Between now and the end of this decade in 2030, it is proposed to implement the Dublin Area BusConnects Network with core corridors. It is also proposed to introduce “next generation ticketing”. DART+ is to be implemented in part. A cycle network for the Greater Dublin area is promised in part. There will be “city centre management measures” and “climate action management measures”.
Between 2031 and 2042, the back-loaded period of the strategy, (two to five government terms from now) the strategy envisages the construction of Metrolink from Swords to Charlemont (where a space for an underground terminus is being developed already) and there is mention of possible Luas lines to Lucan (promised 10 years ago, to Finglas, to Bray and to Poolbeg. But each of these Luas projects, with the exception of Finglas, is quite tentative.
Take the Poolbeg Luas proposal; this line is left in doubt and needs to be re-assessed perhaps for delivery in the latter stages of the strategy (i.e. in twenty years). But it is comforting to note that, in the planning assessment, “work undertaken to date in the regard (sic) will form a key input into this assessment”. Luas to Lucan “will be subject to further assessment and analyses” and the NTA is satisfied that the project “be pursued”. In the case of Finglas, we are told that “it is the intention to complete detailed design and planning over the coming years and to progress the project to construction.” Luas to Bray is also subject to “detailed design and planning work” and no decision has yet been made on “the alignment and locations to be served” between Bride’s Glen and Bray. There is mention of a number of possible post-2042 Luas developments for Balgriffin, Tyrrelstown, Blanchardstown.

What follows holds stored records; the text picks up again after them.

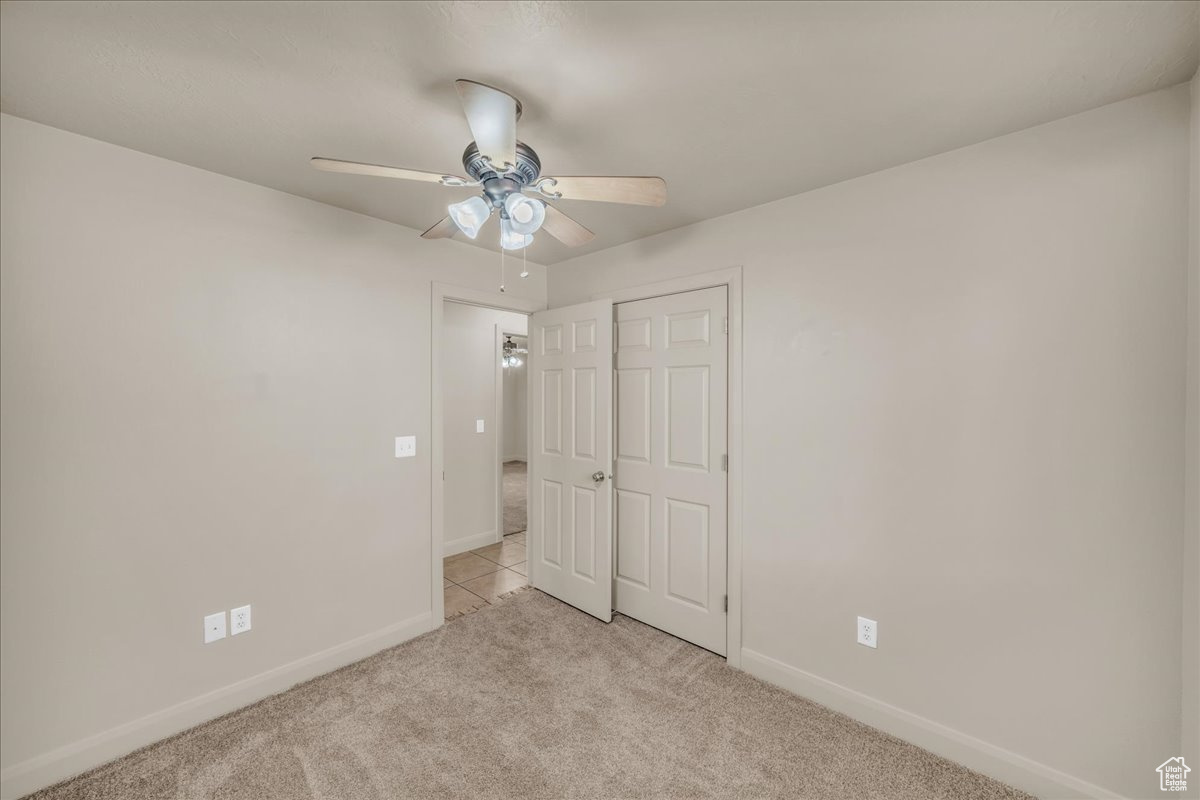 212 N 35, Hurricane, Utah image 13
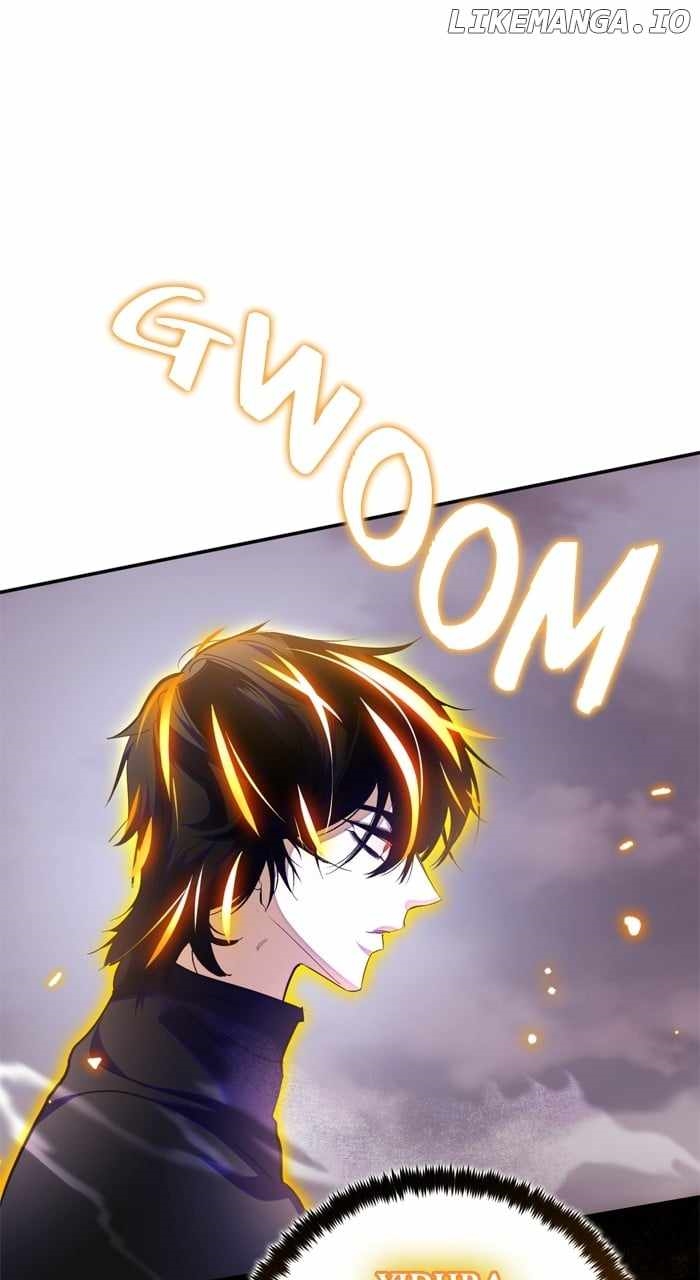Return To Player Chapter 195 - Page 14 in English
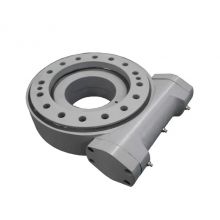 WEA series rotary drive
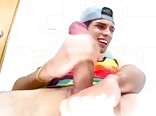 huge Cock Latin Fun Gay Tube Cam Porn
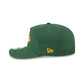 Green Bay Packers 19TWENTY Snapback Hat
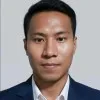 Aung Myo Lwin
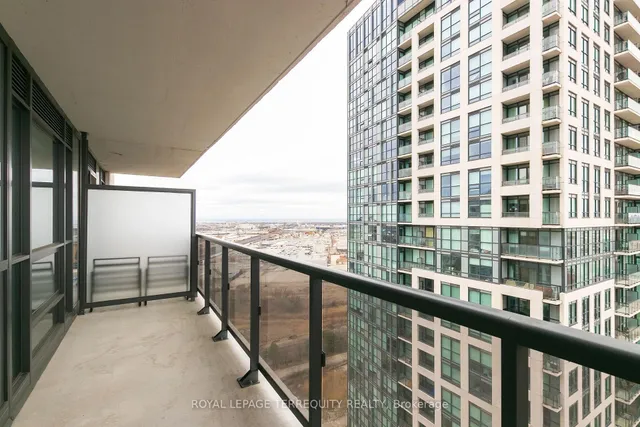 Additional image 21 of 30 Samuel Wood Way Unit 1911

Intriguingly, there is also mention of a post 2042 reconfiguration of the Luas Green Line for lines to Bray via UCD Belfield and Sandyford, and a Sandyford to the city centre line. Where does the NTA ambition to extend Metrolink to Sandyford (closing the Green Line for up to two years) fit into this? It has finally been abandoned in favour of more trams on the Green Line. The strategy says, “As such, the upgrading of the Green Line to metro standard is not required as part of this strategy”, Why? Because the “challenges associated with the upgrading of the Green Line to a metro standard have led to an alternative proposal” to create post-2024 a new Luas line along the UCD Belfield line towards Sandyford. That took a long time to sink in.

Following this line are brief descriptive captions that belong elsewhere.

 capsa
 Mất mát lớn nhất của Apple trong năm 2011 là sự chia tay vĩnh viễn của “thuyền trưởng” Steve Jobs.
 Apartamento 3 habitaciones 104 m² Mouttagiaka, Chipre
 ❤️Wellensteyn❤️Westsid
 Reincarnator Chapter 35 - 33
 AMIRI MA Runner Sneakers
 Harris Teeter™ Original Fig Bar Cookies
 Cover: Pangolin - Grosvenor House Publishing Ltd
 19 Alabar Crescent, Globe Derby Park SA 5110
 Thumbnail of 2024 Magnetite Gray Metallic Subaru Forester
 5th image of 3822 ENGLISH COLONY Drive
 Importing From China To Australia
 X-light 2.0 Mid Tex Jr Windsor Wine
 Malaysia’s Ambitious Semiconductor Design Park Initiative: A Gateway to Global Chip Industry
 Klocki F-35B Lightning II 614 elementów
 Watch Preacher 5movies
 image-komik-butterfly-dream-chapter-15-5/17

On Dart, the long-canvassed Underground Dart from Heuston to Connolly is finally buried. Nothing will be done until 2042 but a reservation for such a line will be kept in planning strategies in the meantime. No clear timetable is set for further extending electrified Dart trains to Drogheda, Wicklow, or Kildare. A rail line to Navan is envisaged by 2042. On the Dublin Belfast intercity rail corridor, we are told that the NTA in conjunction with Irish Rail will undertake an assessment of the “need for further infrastructural enhancements” on the Belfast line. That doesn’t sound good for the Green’s proposal for a high speed rail link from Dublin via Belfast and Derry to Donegal.
It seems that the strategy is mainly centred on increasing bus and bicycle usage in Dublin over the next ten years. Private cars are the lowest priority in the new pecking order – even electric cars. In relation to electric cars, little or nothing is said about the problem of on-road charging outside your house. The problem of charging cables on the roadway is acknowledged as a problem for footpath users. Electric scootere are good; electric cars not so good – but better than diesel or petrol. A hint is made that public servants’ free city centre car parking may have seen its day. Where did we hear of that before? When they were threatened with a benefit in kind tax some twenty years ago. It didn’t haapen.
What are we getting for the projected increase in the cost of implementing this wish list from €10 billion to €25 billion?
Reconfigured anti-car traffic-light sequencing? Jams today, jam tomorrow?